Hailing from Poland, Ines – Lewoc's stage name – settled in Dubai ten years ago. While she taught at various music schools and centres, her musical prowess also found expression with The Emirates Community Symphonic Orchestra. This was until her acceptance last March into the Firdaus Orchestra, which translates to ‘paradise’ in Arabic, that gifted her an experience she dubs as “really empowering”.
A melting pot of musical instruments
“We have our own sound,” said Ines on the culturally rich repertoire of the orchestra that infuses classical tunes with traditional Arabic and Indian instruments. “It’s not your typical orchestra. There are instruments from all over the world – sitar, Arabic percussion, nay, the buzuq.”
The distinct sound, a gorgeous snippet of which was previewed during the Expo 2020 Opening Ceremony, is the culmination of 50 female musicians representing 23 diverse nationalities from the region. The unique rendition of East meets West owes to the creative direction and mentorship of two-time Oscar and two-time Grammy winner A.R. Rahman.
“[A.R. Rahman] is present during rehearsals – he is very supportive and controls the sound, the ideas,” she added.
Daily eight-hour rehearsals
Ines is currently busy preparing for the orchestra's debut performance this weekend. A typical rehearsal session for the 33-year-old flautist is largely split into two parts in a day; four hours on her own at home in the morning and the remaining four with her fellow musicians. For an ensemble, Ines says in-person rehearsals ensure that everyone is on the same page.

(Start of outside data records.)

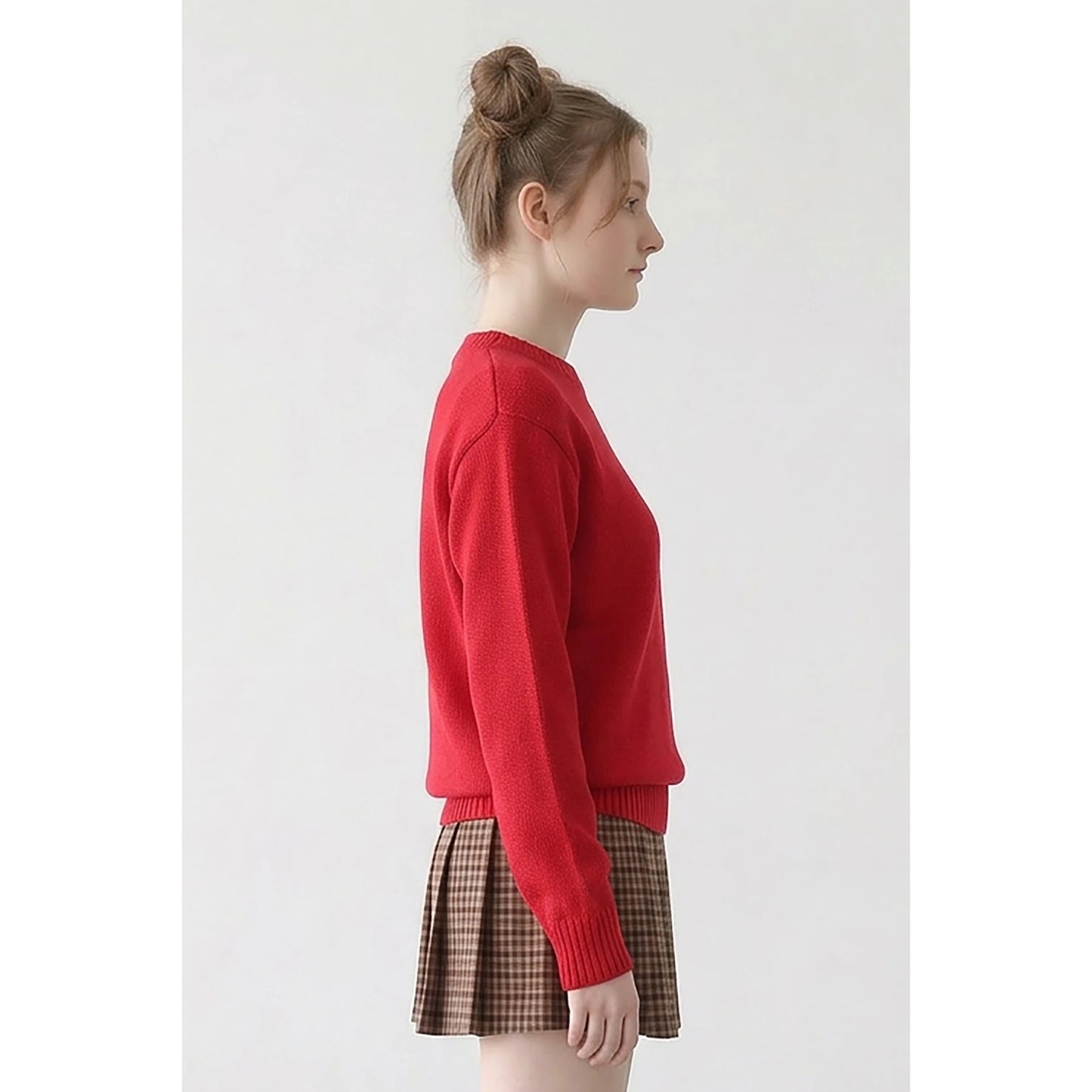 Red 100% Cotton Basic Sweater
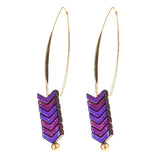 Trendy Stylish Natural Ore Multicolor Texture Arrowhead Earring Jewelry for Women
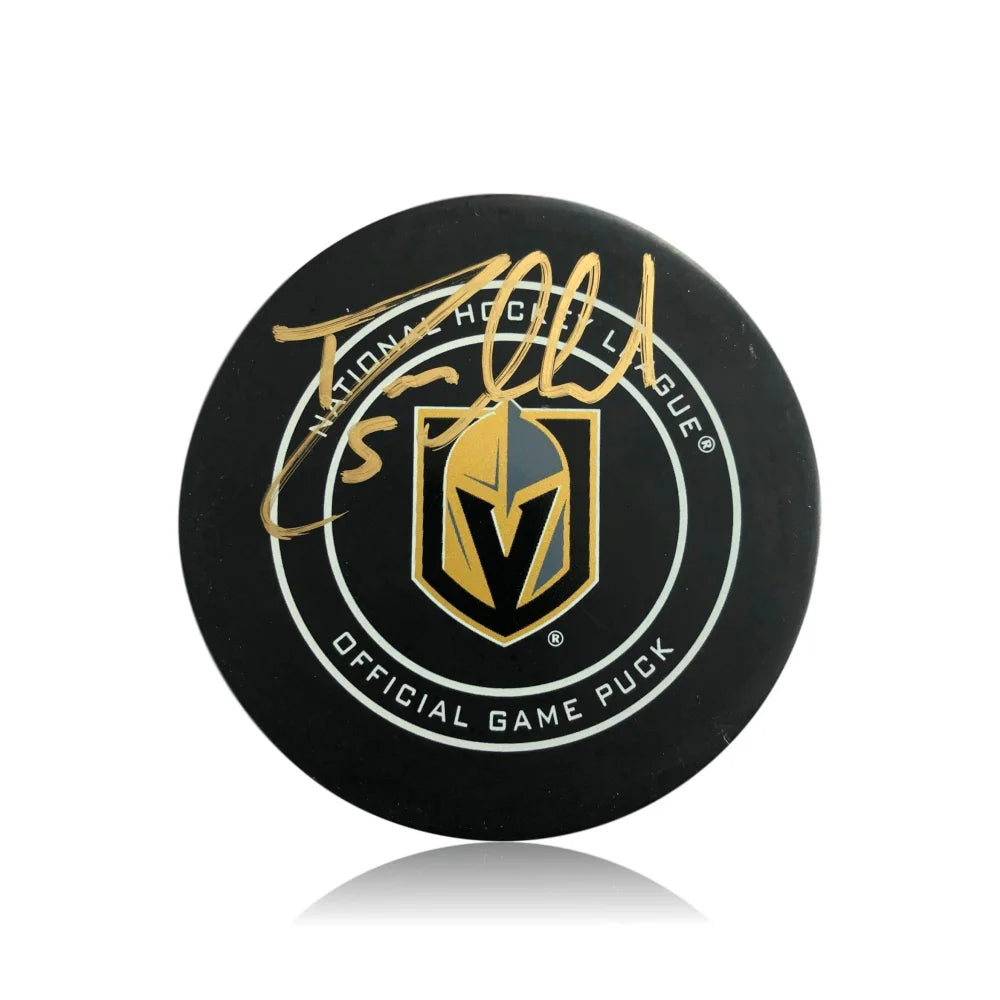 Deryk Engelland Autographed Vegas Golden Knights Authentic NHL On-Ice Hockey Puck with Beckett COA - Perfect for Hockey Memorabilia Collections and Vegas Golden Knights Fans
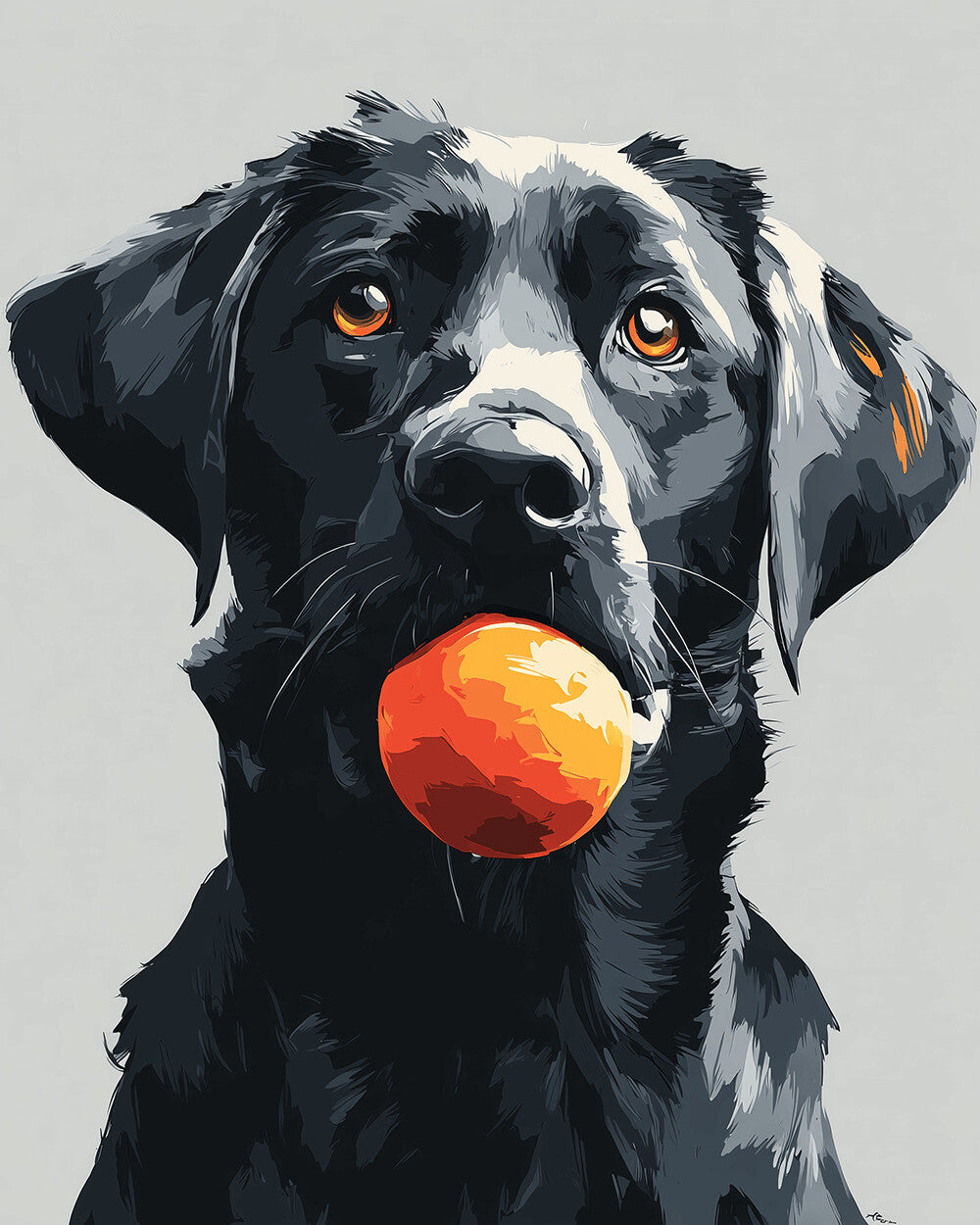 Black lab with orange ball cross stitch kit for beginners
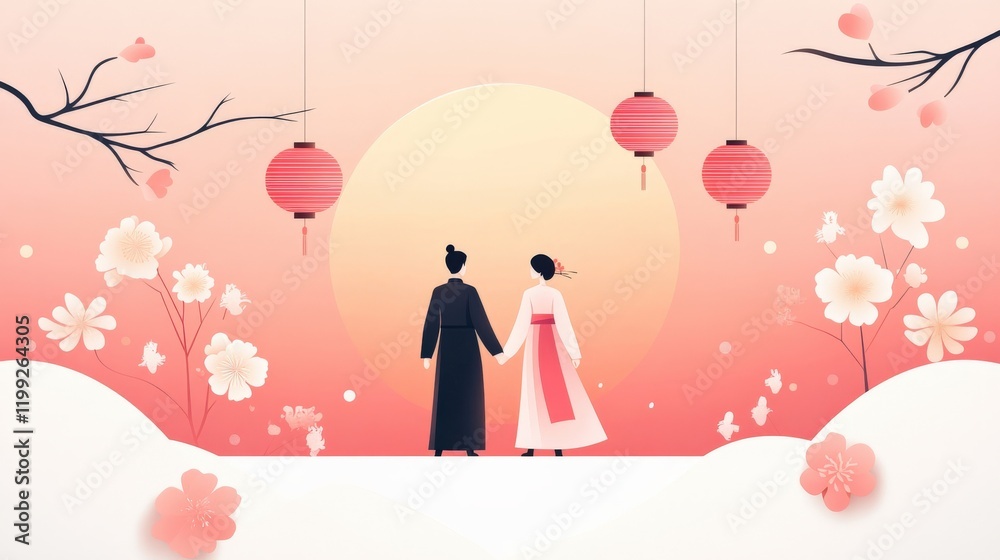 Romantic couple holding hands under lanterns with blooming flowers in a serene sunset landscape Romantic couple holding hands under lanterns with blooming flowers in a serene sunset landscape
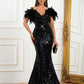 Sequin Faux Feather Decorated Evening Dress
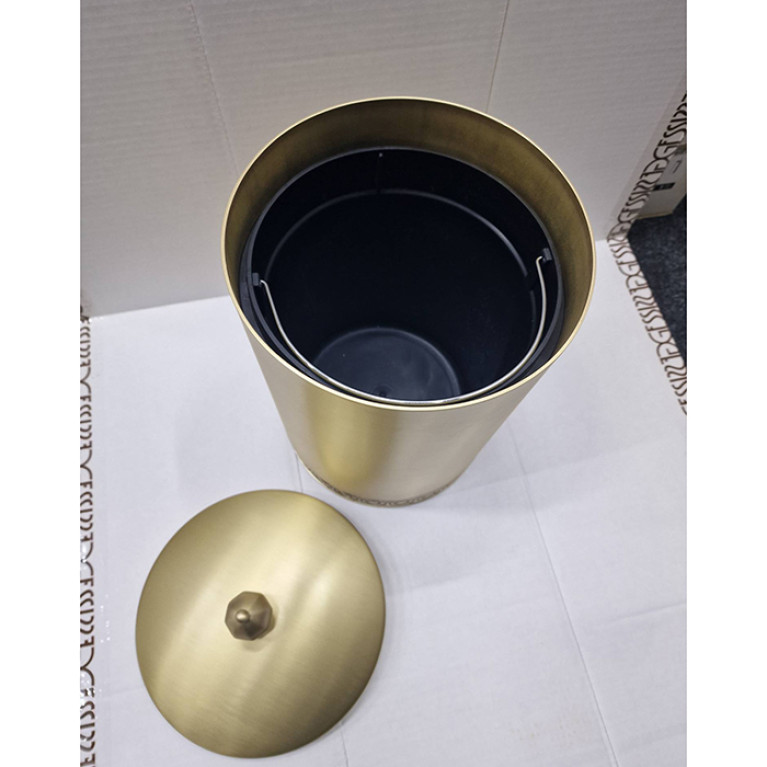 3SC BALLY Ведро &Oslash;220х300 мм., с крышкой, ручка Zar, цвет Matt Satin Brass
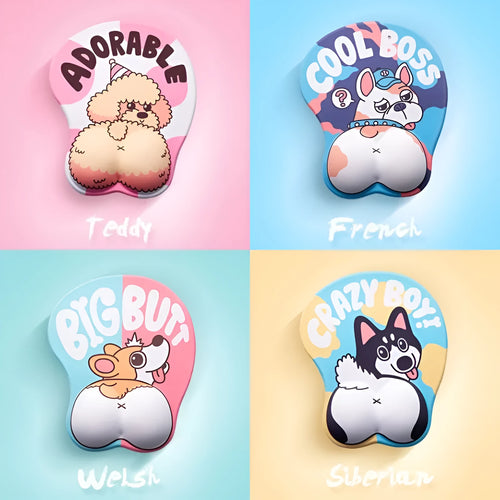 3D corgi design mouse pad with wrist support cushion showing blue colour option on desktop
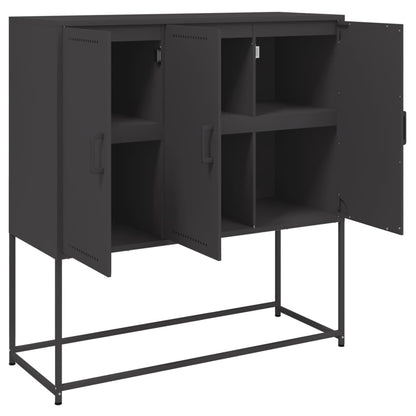 Highboard Schwarz 100,5x39x107 cm Stahl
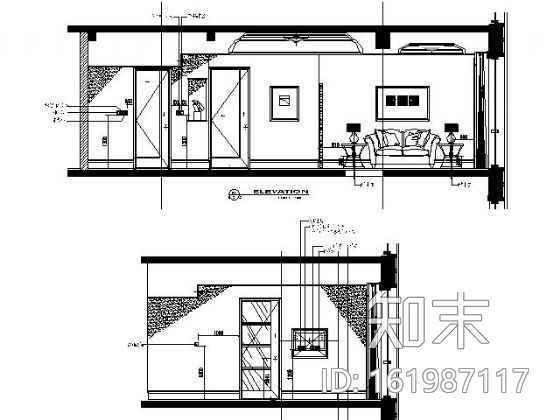 酒店行政单人套间连通房装修图cad施工图下载【ID:161987117】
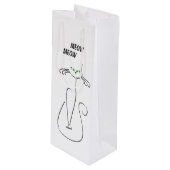 Slinky Black Cat Meow Custom Text Green Eyes Wijn Cadeautas (Voorkant Gekanteld)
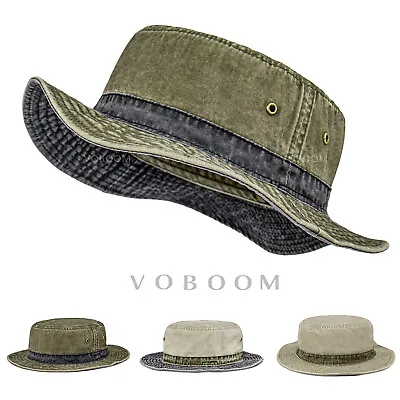 VOBOOM Bucket Hats For Men Washed Cotton Panama Hat Summer Fishing Hunting Cap • $12.99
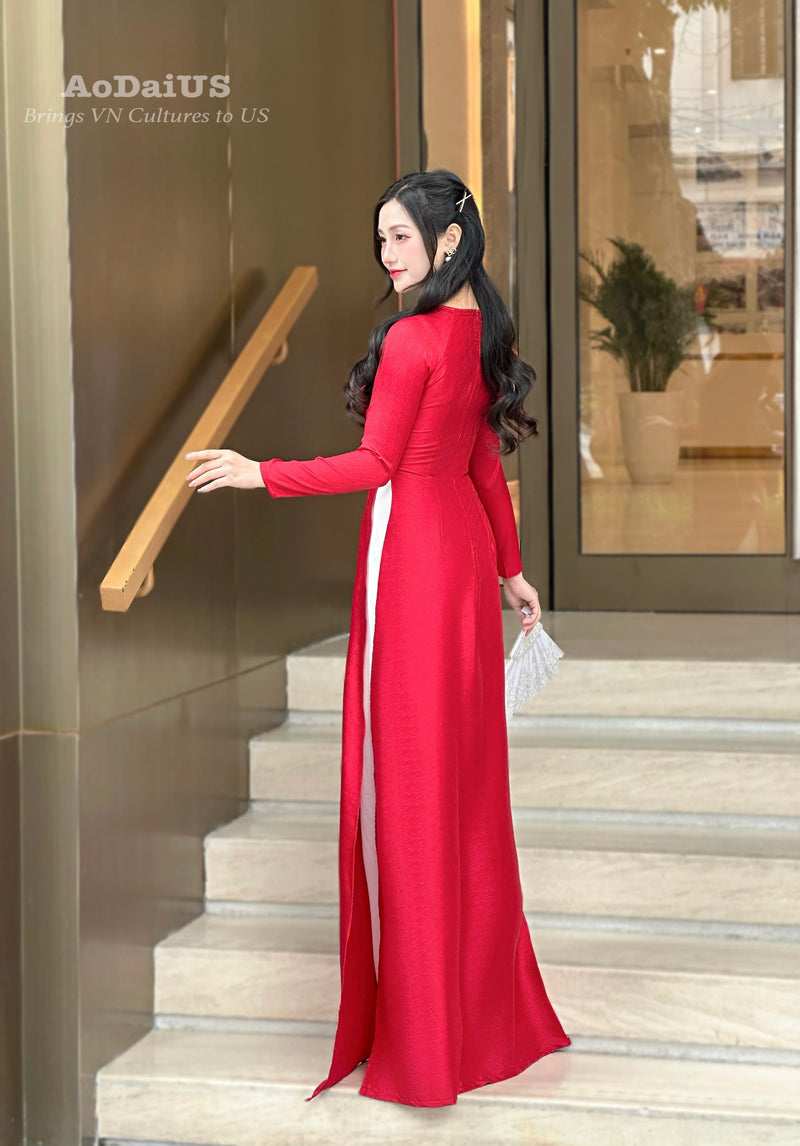 Red Embellished with Pearls and Gemstones Ao Dai No Pants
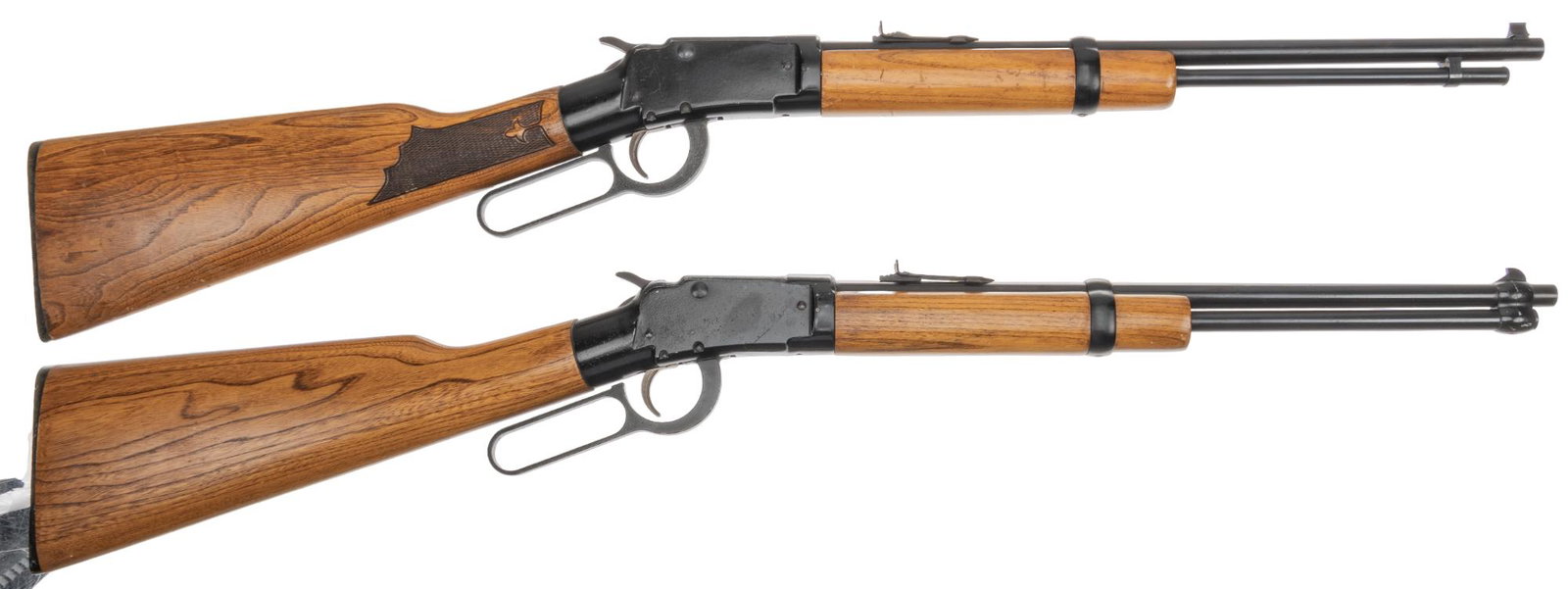 Pair of Ithaca M-49 22 LR Falling Block Carbines: Serial: (1) 490326685; (2) 296961 Manufacturer: Ithaca Gun Co. Model: M-49 Caliber: 22 Long Rifle Barrel Length: 18 in. OAL: 35.25 in. Condition: Both are Good-Fair; wood stocks have moderate wear; ba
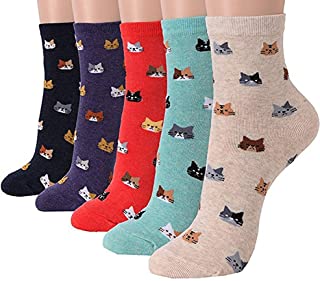 calcetines para mujer, 3 – 6 unidades, divertidos y geniales gatos, perros, diseño de animales dulces, buena idea para regalo, talla única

“You need to check the tempo, dynamics, articulation and rhythm,” she said, pointing out how her private four-hour rehearsals are interspersed with breaks necessary for a musician playing an air instrument.
Trained in classical music with a postgraduate degree, Ines found herself fascinated by Firdaus’ atypical arrangements and symphonies. Where the Arabic percussion instruments present a strong, talented front, the nay – a type of end-blown flute – adds a “fairytale-like” windy layer to the composition.
“Even the sitar, which is one of the string instruments, stands above the sound of the violin – it’s stronger and more pronounced,” she added.
Looks are secondary, it's all about music
Visitors can catch the magical fusion in the flesh at the orchestra’s first official concert on October 23, 7pm at Jubilee Stage. Firdaus will assemble throughout Expo to mark special occasions and ceremonies with its very own base on site to retire to – the Firdaus Studio by A.R. Rahman, a permanent world-class facility that will support artists in the UAE and around the globe.
“[The orchestra] opens us up to different musical cultures. Since you have your own style as a musician, you have the opportunity to learn about and from each other. Every culture has a different tone,” said Ines. “All that [amassed] connection is powerful.”
[The orchestra] opens us up to different musical cultures. Since you have your own style as a musician, you have the opportunity to learn about and from each other. Every culture has a different tone. All that [amassed] connection is powerful.
From the very start, the special orchestra has been in the talks for a life beyond Expo 2020. And Ines is thankful for the synergy that the ensemble has built by working together on a daily basis, putting in hours of practice. Hopes are that the women of Firdaus will go on to defy gender stereotypes for a long time after, channelling the “feminine spirit” in equally genre-defying performances.
“Our looks are secondary,” concluded Ines. It's all about the music.